Thursday, January 27, 2005

Reincarnation Rocks

I had a surprise in my email box yesterday. I learned that a kindred blogger in Salem, Oregon had written about yours truly and The Big If.

Brian Hines is the author of Church of the Churchless: Preaching the gospel of Spiritual Independence. I became aware of him through an article his wife Laurel wrote for the local Salem Monthly.

I am still new to blogging. It still produces a strange feeling to send material out into the blogosphere having no idea who, if anyone, reads this stuff. I envision with wonder who my thoughts might touch in ways that I most likely will never know about. It thrills me when I actually hear something back from somewhere, a ping back from the sonar.

In his blog entry Brian discussed reincarnation and wondered why coming back to this earthly life was so great. Fair enough. I wonder that, too.

As I’ve written before, I first heard about reincarnation from Betty Bethards, a psychic and frequent radio talk show guest in San Francisco in the 1970s. (She crossed over about a year ago.) I immediately loved and woo-hooed the idea.

It made so much more sense to me that we grow through many different lifetimes, stepping into different gender, ethnic, racial, and economic roles, until we eventually pop out at the finish line ready to depart Earth for some other reality.

Back then it was a much better idea than the prospect of going to Vietnam at 18 or 19 and getting my head blown off for a cause I didn’t believe in (because the people who explain wars didn’t do a wowser job of showing why the anti-war voices were wrong).

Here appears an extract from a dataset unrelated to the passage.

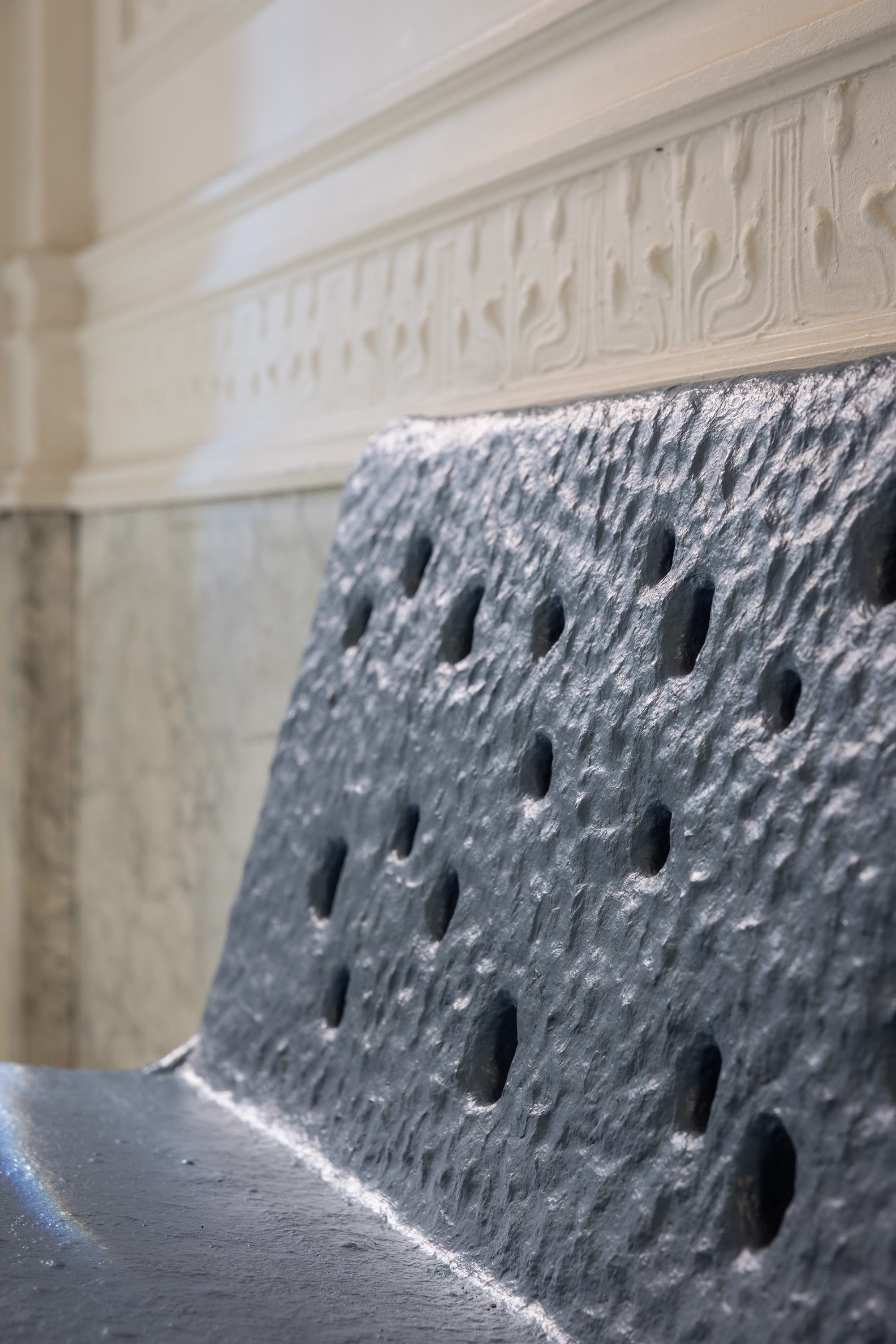 Ztista bank van Faina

Quite frankly, selfish as I may have been as a teenager, I did not believe that spending my one life to live on combat should take priorities over other things, like discovering the secrets of lovemaking, which at the time I was also quite naïve about.

It’s not that I want to come back to Earth over and over again. My intuition and my reading in NDEs tell me that living the physical life is much more challenging than living in the thought world. This is tough duty. Material living means getting your face dirty in all the needs, obligations, and limitations that make most of us crazy.

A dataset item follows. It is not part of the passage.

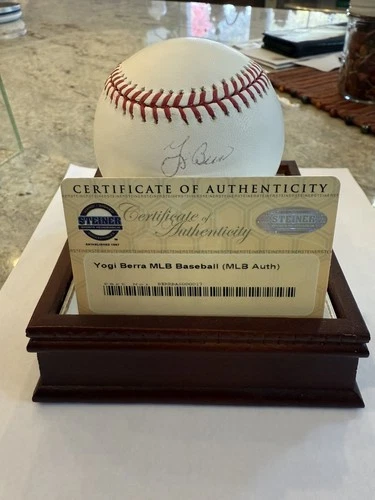 Yogi Berra SIGNED AUTOGRAPHED OMLB Baseball STEINER & MLB AUTH CLEAN  ! 🔥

In material life we need money. For me that pretty much says it all. While most of the things I love to do are either free or cost very little, such as blogging, the bottom line is that you need financial energy to keep going. But I suspect you know that.

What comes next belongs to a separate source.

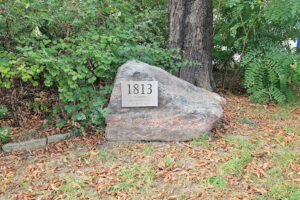 Gedenkstein „Massengrab der Völkerschlacht bei Leipzig 1813“ in Markkleeberg-Ost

The thrill of reincarnation for me is more a window through which to gaze at this world and all its events. Coupled with all the input I’ve been getting on what it’s like to die, which NDErs keep insisting is a piece of cake, I get excited about the implications of the system. Reincarnation rocks!

For example, the news bombards us with visions of death. I have come to view this as infotainment. On last night’s news there was an opening story about a horrific crash on I-5 that obliterated a couple of cars. It looked like great gore. Great video of another oh shit moment. I also believe that this style of news presentation is a form of socially acceptable hypnosis that conditions us all to the whole death is final routine.

Now I look at these stories with my NDE & Reincarnation filter firmly in place. I see victims transcending to another place. I don’t see it as tragic. I see the victim as having a life review, studying in the light, and eventually coming back to lead another life. I don’t see it as much different than how a screenwriter or novelist factors in a character’s death in a plotline to make some sort of statement to the whole of the story.

Reincarnation explains diversity. The American version of reincarnation (being the sum of everything I have read about and intuited) answers nearly every “Why me Lord?” question with “Because you (as a soul) chose it.”

While that’s not always an easy answer to hear, it is much more liberating to me than trying to figure out why God chose a fate for you. I like thinking that I am part of my soul’s progression through physical life. Someday I will be able to poke my head above the earthly fog into the sunlight of clear vision and be able to see exactly why my soul chose certain conditions for every lifetime.

Reincarnation can be very jarring. For example, as I ponder possibilities for another life on this planet, I am well aware of places or situations I would absolutely hate to be born into. I cannot imagine what would have motivated souls to choose to incarnate into Iraq, for example. But for some reason that was a hot ticket for millions. I can also imagine people in many places on the Earth thinking about how frightening it would be to be born an American in their next life.

When I look at people and life through the filter of reincarnation, I have much more sensitivity to (and hopefully empathy for) their challenges. An obvious example is choosing to incarnate in a deformed or weakened physical body. You know going in that in our society it’s pretty much a recipe for mental torture. In schools kids will scar you for life with their mental cruelty. All through life you’ll have to endure “not being good enough.” It creates a much different ball game to realize that this wasn’t a case of bad luck in the gene pool; it was a deliberate decision, part of the challenge your overseeing professor soul created for your educational harvest.

For me now, the biggest question I have is why hasn’t the arts & entertainment industry at large picked up on any of this? For me this is riveting stuff. It totally revolutionizes the world view. We could be churning out entertainment that is so much more intriguing than bang-bang you’re dead.